As the Mother of All Dirty Campaigns gathers its facts and innuendo for November, probable Democratic nominee Bill Clinton is already so smeared and so ready to return fire that George Bush, in his clean white shirt of upright Republicanism and family values, can look forward to a savaging of his own. How much of this dirt sticks could be critically important.

Political logic, press reports and recent Democratic mutterings all suggest the main fire will be directed against three targets. First, the business ethics of the Bush family, three presidential sons and three presidential brothers, some with eyes for a marginally tainted deal. Second, Bush’s personal relationships--about which there have been snide hints, but no proof.

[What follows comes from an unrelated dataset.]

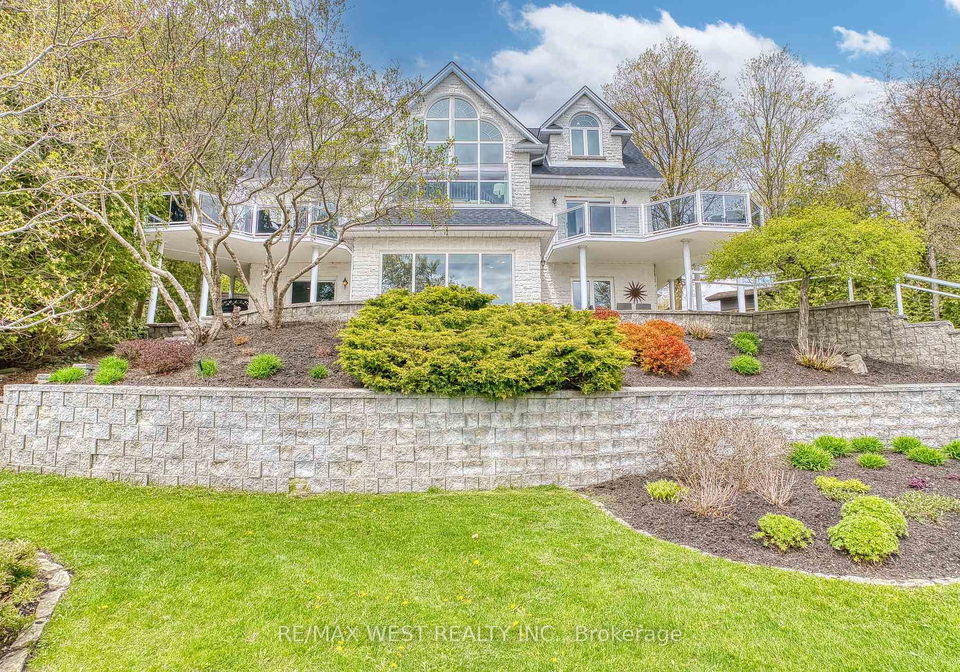 461-lake-rosalind-road-4-brockton-ontario-x13113426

And third, far more important in its national implications, the argument that, under this Administration, U.S. foreign policy--ostensibly the laurel wreath on Bush’s imperial brow--has become a gravy train for Bush family members and policy advisers, and for GOP campaign functionaries, who openly double as registered foreign agents.

Significantly, this last point is bipartisan. Vivid indictments have been made by GOP nomination rival Patrick J. Buchanan. Moreover, potential third-party candidate H. Ross Perot, a nominal Republican, is given to making harsh charges about Bush’s Persian Gulf connections. But on the first two subjects, the messengers will be Democratic and the motivation as political as Election Day itself.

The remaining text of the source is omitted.